Ciclo B. II Domingo de Cuaresma
Mario Yépez, C.M.
Aunque uno no sea admirador del alpinismo, no deja de deslumbrar la constancia y
valentía de aquel que se traza el desafío de subir a lo más alto de una montaña
sintiendo, al alcanzar su objetivo, una sensación de poder y de mucho orgullo por
haberlo obtenido. El problema es que generalmente uno no apela a quedarse allá;
tiene que bajar y nuevamente, se prepara para buscar otro objetivo tal vez más
exigente que el anterior. Esto de seguro, muchos de nosotros también lo hemos
experimentado, salvando las diferencias con el ejemplo anterior o lo hemos visto en
otros: ese constante subir y bajar cotidiano de tantos que se ven obligados a
hacerlo, en esos deseos de poder subir para descansar y bajar para trabajar;
escalar bregando fuerte para intentar alcanzar metas y bajar pronto para sentirse
complacido y festejar los éxitos. Este ritmo siempre ha acompañado la vida del
hombre y ese mismo movimiento adquiere un matiz exhortativo en la Sagrada
Escritura, en un contexto donde la montaña pasa a ser un lugar especial, un
espacio sagrado, una oportunidad para acceder al pedestal de lo divino. Aquel nivel
misterioso de lo sagrado siempre ha intentado ser accesible al ser humano desde la
Revelación bíblica. El temor de Dios era la distancia del respeto necesaria que el
corazón del hombre debía poseer, pero nunca pretendió ser un obstáculo para
alejar al hombre de Dios. Por ello, el subir al monte pasa a ser un elemento
importante en la vida del creyente pero más aún el bajar del mismo se convierte en
una señal necesaria de compromiso por haberse encontrado con su Dios. Uno no
puede bajar con la misma actitud con la que subió. Desde esta perspectiva hay algo
en el relato del sacrificio de Isaac que narra el Génesis que puede llegar a
sorprendernos.
Quiero saltarme un poco las obvias reflexiones en torno a este pasaje y quiero
centrarme solo en la dinámica de este movimiento de subir y bajar. Indistintamente
de lo que pueda pasar, Abraham reconoce que Dios tiene que manifestarse en
aquel monte pues es él quien se lo está ordenando ya que el sacrificio es para el
Señor. Ese subir, se hace muy largo, cuesta mucho a Abraham, pero tiene que
hacerlo.
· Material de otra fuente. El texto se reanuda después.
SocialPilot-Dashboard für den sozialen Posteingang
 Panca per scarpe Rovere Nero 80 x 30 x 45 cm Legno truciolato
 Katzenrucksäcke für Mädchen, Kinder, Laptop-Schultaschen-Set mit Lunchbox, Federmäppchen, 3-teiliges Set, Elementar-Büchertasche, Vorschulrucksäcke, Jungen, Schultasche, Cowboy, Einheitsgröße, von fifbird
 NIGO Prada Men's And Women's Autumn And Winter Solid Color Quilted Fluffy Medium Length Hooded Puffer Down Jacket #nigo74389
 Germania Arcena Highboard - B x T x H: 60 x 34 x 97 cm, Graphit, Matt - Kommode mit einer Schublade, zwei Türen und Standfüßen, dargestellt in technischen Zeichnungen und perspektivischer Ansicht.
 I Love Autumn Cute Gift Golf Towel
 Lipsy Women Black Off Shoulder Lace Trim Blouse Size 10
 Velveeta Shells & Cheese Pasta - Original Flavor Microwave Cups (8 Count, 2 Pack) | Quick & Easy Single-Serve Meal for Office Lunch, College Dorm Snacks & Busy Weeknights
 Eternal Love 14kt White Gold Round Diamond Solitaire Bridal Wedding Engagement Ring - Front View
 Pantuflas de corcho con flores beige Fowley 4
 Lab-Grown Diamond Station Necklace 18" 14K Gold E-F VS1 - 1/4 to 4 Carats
Abraham también sabe que después de subir tendrá que bajar y la vida
tendrá que seguir, con o sin su hijo, pero tendrá que regresar. Allí le esperan
aquellos dos jóvenes que dejaron en la falda del cerro. Este es el verdadero drama
de alguien que quiere confiar y se enfrenta al dilema de cómo enfrentarse a un
futuro incierto y duro: el de perder no solo al hijo que ya es mucho sino dejar
trunca la promesa hecha por el mismo Dios para él. Es difícil aceptar de por sí el
sacrificio de Isaac, pero resulta conmovedor el sacrificio que está haciendo el propio
Abraham. Esto es lo que realmente se pone en el crisol del creyente: hasta en lo
que parece incomprensible se le pide confiar. Aquel momento de incertidumbre se
hace sagrado. Se traza la lucha por confiar cuando parece más cómodo ser
indiferente; se abre el conflicto de tener que subir cuando resulta mejor quedarse
abajo. Y entonces, Dios se revela a Abraham, el que en definitiva, ha optado por
Dios y en Isaac también ha elegido a Dios. No se vuelve a citar a Isaac cuando
Abraham baja de la montaña. El hijo de la promesa pertenece a Dios, Isaac pasa a
ser el referente para que Abraham siga creyendo. Su ciclo ha terminado, se abre el
de Isaac y en él, la extensión de las promesas a sus descendientes, un pueblo que
tendrá que aprender desde el sacrificio a encontrarse con su Dios. Es preciso tener
cuidado en esto: el verdadero sacrificio no está en el grado de dolor o sufrimiento;
sino en cómo poder lograr hacer sagrado aquellos momentos que no parecen tener
connotación religiosa alguna; convertir en espacio santo aquello que parece no
podría serlo. Y es justamente en la terrible confrontación con la propia muerte o su
cercanía, donde se nos invita a revestirlo de sacralidad. En algún momento de
nuestra vida nos veremos obligados a ello. Y en esto, el Hijo de Dios ha querido
solidarizarse con el hombre y ha querido convertir esa instancia determinante de la
propia muerte en lugar de salvación.
El evangelista Marcos, precisa en tres oportunidades que Jesús tiene que subir a
Jerusalén causando conflicto entre sus propios discípulos que parecen preferir el
quedarse abajo, entre la admiración de los milagros y la satisfacción de las
curaciones y enseñanzas del agradable Maestro. Los discípulos no comprenden
aquella subida, les crea conflicto, apelan a sus intereses o guardan silencio ante lo
que sienten los va sobrepasar. Pero las cosas se invierten cuando en esta
experiencia de la transfiguración son invitados a subir para contemplar la gloria del
Hijo Amado de Dios. Ese lugar de revelación es gratificante, es sagrado, y hay
deseos de quedarse allí para siempre. ¿Es que la cruz no puede ser también un
lugar sagrado? Es Jesús quien está allí al igual que estuvo en la Transfiguración.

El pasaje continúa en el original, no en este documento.